Market Matters: Pacific Overtures

More and more building materials are coming from such formerly unusual sources as China and Chile. Dealers are having trouble deciding whether to take them on or risk potential profits.

11 MIN READ

Tips for Dealing With Importers

Consider following this advice when approached by or considering a deal with a building materials importer:

  • Ask about lead time; shipments of custom-ordered, value-added products from China and other overseas markets might require up to 10 weeks of production and shipping time.
  • Investigate the manufacturer, if possible, or at least get assurances of the importer’s quality-control processes.
  • Demand samples of the product(s) being pitched and compare their quality with your existing sources.
  • Conduct a test (or two) with a trusted customer to evaluate the process, quality, and promises made by the importer.
  • Look for a track record by the importer and/or the product in other markets.

–Rich Binsacca

Getting Tough on Timber

A proposed federal law aims to stem the importation of illegally harvested timber.

A bipartisan bill in Congress, introduced in March, would more strictly regulate timber imports to ensure logs, raw timber, and even finished wood products are harvested according to federal law. The Legal Timber Protection Act (H.R. 1497), if passed, would require measures such as chain of custody or similar assurances of the wood’s origin and adherence to sustainable timber harvesting practices.

“Responsible businesses will now be protected from the costs of the illegal timber trade,” said Rep. Earl Blumenhauer (D-Ore.), a co-sponsor of the legislation, in a recent statement.
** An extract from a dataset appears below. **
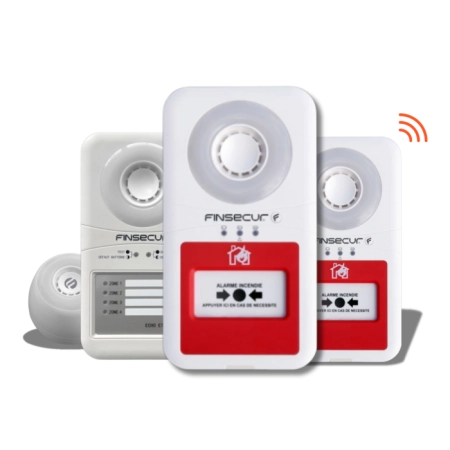 Equipement d'Alarme de Type 4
He cites statistics from the American Forest & Paper Association that U.S. wood products companies lose $460 billion in annual sales to illegally harvested timber; in most cases, such timber is cut from unregulated forests in Southeast Asia, the Amazon River basin, Africa, and Russia, shipped to China and other manufacturing hubs, and then exported to the U.S. as finished wood products–including building materials, such as flooring.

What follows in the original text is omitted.